Mesmo com toda a energia da cantora, o lado intimista de um acústico se revela no cenário escolhido para o DVD: o pequeno vilarejo de Trancoso, na Bahia, no palco aberto do Teatro L’Occitane, que quebrou a sua rotina de lugar para a música clássica e erudita para receber alguém de segmento completamente oposto. “Quando eu cheguei lá, fiquei emocionada, porque é a céu aberto. Nada mais acústico do que o barulho da própria natureza, é daí que a gente traz essas referências. E aquele mar, aquela floresta, aquele lugar, a terra batida, foi algo bem conectado com a ideia”, derrete-se Ivete.

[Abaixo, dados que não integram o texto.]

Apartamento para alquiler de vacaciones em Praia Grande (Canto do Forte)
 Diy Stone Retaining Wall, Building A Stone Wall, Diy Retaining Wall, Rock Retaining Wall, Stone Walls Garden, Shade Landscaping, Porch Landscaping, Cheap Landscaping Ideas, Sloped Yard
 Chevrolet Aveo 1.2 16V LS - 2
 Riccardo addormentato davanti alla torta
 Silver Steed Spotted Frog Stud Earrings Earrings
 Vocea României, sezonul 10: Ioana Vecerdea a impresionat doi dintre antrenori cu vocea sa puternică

Além de introduzir nesse show instrumentos como sanfona, cavaquinho, bandolim e piano acústico, a baiana se gaba por ter mais canções suas no projeto. Ao todo sete, num universo de 25 faixas. Entre as autorais, está Seus Planos, escrita por ela em parceria com Gigi, músico de sua banda. A letra faz menção indireta a Marcelo Sangalo, seu filho de seis anos, como fonte de inspiração. Ao explicar a composição, quase se deixou levar pela emoção na coletiva: “Nesse momento eu olhando pra ele, meio que vigiando assim, cada movimento, nessa meia hora, nessa uma hora aí, me veio essa letra: ‘Passar o tempo lhe admirando...’. E aí quando eu fui cantar, a gente lembra (pausa) desse amor doido, né? Porque é bom demais, né? Uma ‘inspiraçãozinha’ arretada”, declarou.
Mesmo com 22 anos de carreira e todo o seu prestígio, a cantora não se esquivou de falar de assuntos mais polêmicos como homofobia e violência: “O mundo está do jeito que está porque as pessoas não se libertam para o amor. As pessoas se prenderam no ódio, no julgamento. Não existe opinião, existe julgamento”, afirmou ela, no único momento em que sua voz ficou mais firme e, como ela mesma colocou, até um pouco exaltada. Mas isso não tirou o brilho de alguém que reafirma, neste projeto, o que tem de melhor: talento e versatilidade num novo modo de ouvir Ivete.
*O repórter viajou a convite da Universal Music.